Shades of Tauler[[598]] and Paracelsus,[[599]] how strangely you do mix! Well may Hallam call Germany the native soil of Mysticism. Had Behmen been the least of a scholar, he would not have divided sulph-ur and merc-ur-i-us as he has done: and the inflexion us, that boy of all work, would have been rejected. I think it will be held that a writer from whom hundreds of pages like the above could be brought together, is fit for the Budget. If Sampson Arnold Mackay[[600]] had tied his etymologies to a mystical Christology, instead of a mystical infidelity, he might have had a school of followers. The nonsense about Newton borrowing gravitation from Behmen passes only with those who know neither what Newton did, nor what was done before him.

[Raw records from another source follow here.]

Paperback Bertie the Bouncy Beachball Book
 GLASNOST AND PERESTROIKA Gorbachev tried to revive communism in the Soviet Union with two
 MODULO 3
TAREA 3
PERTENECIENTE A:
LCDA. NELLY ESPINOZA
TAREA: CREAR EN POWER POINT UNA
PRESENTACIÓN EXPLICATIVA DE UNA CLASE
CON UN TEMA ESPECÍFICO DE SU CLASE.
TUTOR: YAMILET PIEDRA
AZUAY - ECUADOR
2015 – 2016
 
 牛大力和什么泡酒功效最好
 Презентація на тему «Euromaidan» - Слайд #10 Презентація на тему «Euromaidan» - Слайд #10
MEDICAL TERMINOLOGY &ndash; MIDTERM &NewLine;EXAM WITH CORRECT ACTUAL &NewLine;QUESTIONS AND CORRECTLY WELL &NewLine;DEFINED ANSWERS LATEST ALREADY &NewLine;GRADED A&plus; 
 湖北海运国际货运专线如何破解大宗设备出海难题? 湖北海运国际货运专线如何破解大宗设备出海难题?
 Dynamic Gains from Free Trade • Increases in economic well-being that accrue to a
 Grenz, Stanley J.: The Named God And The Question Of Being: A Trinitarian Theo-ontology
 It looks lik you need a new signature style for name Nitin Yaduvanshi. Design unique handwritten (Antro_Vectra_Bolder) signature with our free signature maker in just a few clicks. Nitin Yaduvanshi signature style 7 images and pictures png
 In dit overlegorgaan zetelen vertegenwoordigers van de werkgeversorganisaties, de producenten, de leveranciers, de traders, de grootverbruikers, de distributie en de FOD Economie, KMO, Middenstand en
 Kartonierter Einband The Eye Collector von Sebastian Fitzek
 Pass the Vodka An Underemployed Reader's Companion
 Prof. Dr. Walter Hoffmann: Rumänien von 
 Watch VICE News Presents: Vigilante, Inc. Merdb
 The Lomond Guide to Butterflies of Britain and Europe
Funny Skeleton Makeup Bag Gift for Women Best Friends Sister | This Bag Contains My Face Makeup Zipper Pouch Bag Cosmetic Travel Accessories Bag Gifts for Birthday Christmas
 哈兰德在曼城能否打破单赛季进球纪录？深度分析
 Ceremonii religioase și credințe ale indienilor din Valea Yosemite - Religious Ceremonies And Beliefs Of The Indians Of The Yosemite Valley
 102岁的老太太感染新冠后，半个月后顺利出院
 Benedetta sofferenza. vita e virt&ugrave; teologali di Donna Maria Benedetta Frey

The above reminds me of a class of paradoxers whom I wonder that I forgot; they are without exception the greatest bores of all, because they can put the small end of their paradox into any literary conversation whatever. I mean the people who have heard the local pronunciation of celebrated names, and attempt not only to imitate it, but to impose on others their broken German or Arabic, or what not. They also learn the vernacular names of those who are generally spoken of in their Latin forms; at least, they learn a few cases, and hawk them as evidences of erudition. They are miserably mistaken: scholarship, as a rule,
always accepts the vernacular form of a name which has vernacular celebrity. Hallam writes Behmen: his index-maker, rather superfluously, gives "Behmen or Boehm." And he retains Melanchthon,[[601]] the name given by Reuchlin[[602]] to his little kinsman Schwartzerd, because the world has adopted it: but he will none of Capnio, the name which Reuchlin fitted on to himself, because the world has not adopted it. He calls the old forms pedantry: but he sees that the rejection of well-established results of pedantry would be greater pedantry still. The paradoxers assume the question that it is more correct to sound a man by lame imitation of his own countrymen than as usual in the country in which the sound is to be made. Against them are, first, the world at large; next, an overpowering majority of those who know something about surnames and their history. Some thirty years ago—a fact—there appeared at the police-office a complainant who found his own law. In the course of his argument, he asked, "What does Kitty say?"—"Who's Kitty?" said the magistrate, "your wife, or your nurse?"—"Sir! I mean Kitty, the celebrated lawyer."—"Oh!" said the magistrate, "I suspect you mean Mr. Chitty,[[603]] the author of the great work on pleading."—"I do sir! But Chitty is an Italian name, and ought to be pronounced Kitty." This man was a full-blown flower: but there is many a modest bud; and all ought either to blush when seen or to waste their pronunciation on the desert air.
A PLEA FOR KING CUSTOM.
I stand up for King Custom, or Usus, as Horace called him, with whom is arbitrium the decision, and jus the right, and norma the way of deciding, simply because he has potestas the power. He may admit one and another principle to advise: but Custom is not a constitutional king; he may listen to his cabinet, but he decides for himself: and if the ministry should resign, he blesses his stars and does without them. We have a glorious liberty in England of owning neither dictionary, grammar, nor spelling-book: as many as choose write by either of the three, and decide all disputed points their own way, those following them who please.
Throughout this book I have called people by the names which denote them in their books, or by our vernacular names. This is the intelligible way of proceeding. I might, for instance (Vol. I, p. 44), have spoken of Charles de Bovelles,[[604]] of Lefèvre d'Étaples,[[605]] of Pèlerin,[[606]] and of Etienne.[[607]] But I prefer the old plan. Those who like another plan better, are welcome to substitute with a pen, when they know what to write; when they do not, it is clear that they would not have understood me if I had given modern names.